L’erreur monumentale commise par ce Godzilla vs. Kong consiste à délaisser l’humain pour mieux saisir le grandiose d’un affrontement de deux puissances titanesques, sans pour autant épouser la focalisation des monstres. C’est ne rien comprendre à l’entreprise d’un Guillermo Del Toro qui, lui avait saisi l’importance de l’humain pour mesurer le gigantisme : son Pacific Rim (2013) opposait ainsi deux échelles et en tirait une vision du chaos.
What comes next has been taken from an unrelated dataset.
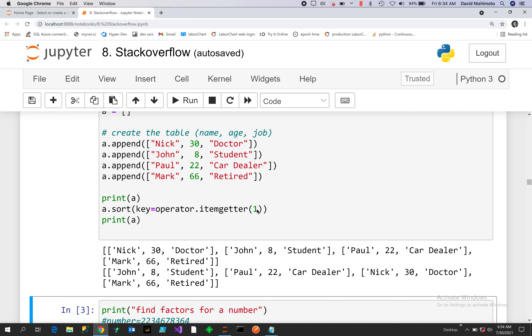So you can see it goes 8, 22, 30, and 66.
Le film d’Adam Wingard – à qui l’on doit déjà Death Note en 2017 – se voit ainsi écartelé entre deux postures : celle du jeu d’arcade dans lequel un gros singe tabasse un gros lézard, faisant du spectateur un témoin minuscule ; celle d’un vaste manège à sensations fortes qui le mettent au centre du dispositif et de l’attention, les vaisseaux et autres véhicules agissant à la manière de ces chariots qui nous retournaient la tête lorsque les parcs d’attractions étaient encore ouverts.
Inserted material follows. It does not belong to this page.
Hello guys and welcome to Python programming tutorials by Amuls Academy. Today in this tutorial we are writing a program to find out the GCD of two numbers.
Les personnages, à la caractérisation aussi sommaire et unilatérale que l’origine des acteurs qui les campent – Alexander Skarsgård est suédois, Kyle Chandler américain, Millie Bobby Brown britannique, Brian Tyree Henry afro-américain, Shun Oguri japonais et Eiza González mexicaine –, n’ont même pas le rôle de pions sur un échiquier dont dépendrait la survie des bestioles ; ils cochent des cases politiques et meublent une intrigue à ce point lacunaire qu’elle doit creuser le sol jusqu’au centre de la Terre. Aussi le déferlement d’action, les retournements abracadabrants, les univers intégrés, tout cela s’avère-t-il stérile parce que privé d’une motivation narrative véritable. Voilà un blockbuster remplissage dont la prétendue confrontation aguiche le client davantage qu’elle n’apporte quelque chose aux deux mythes investis ou à leur représentation au cinéma.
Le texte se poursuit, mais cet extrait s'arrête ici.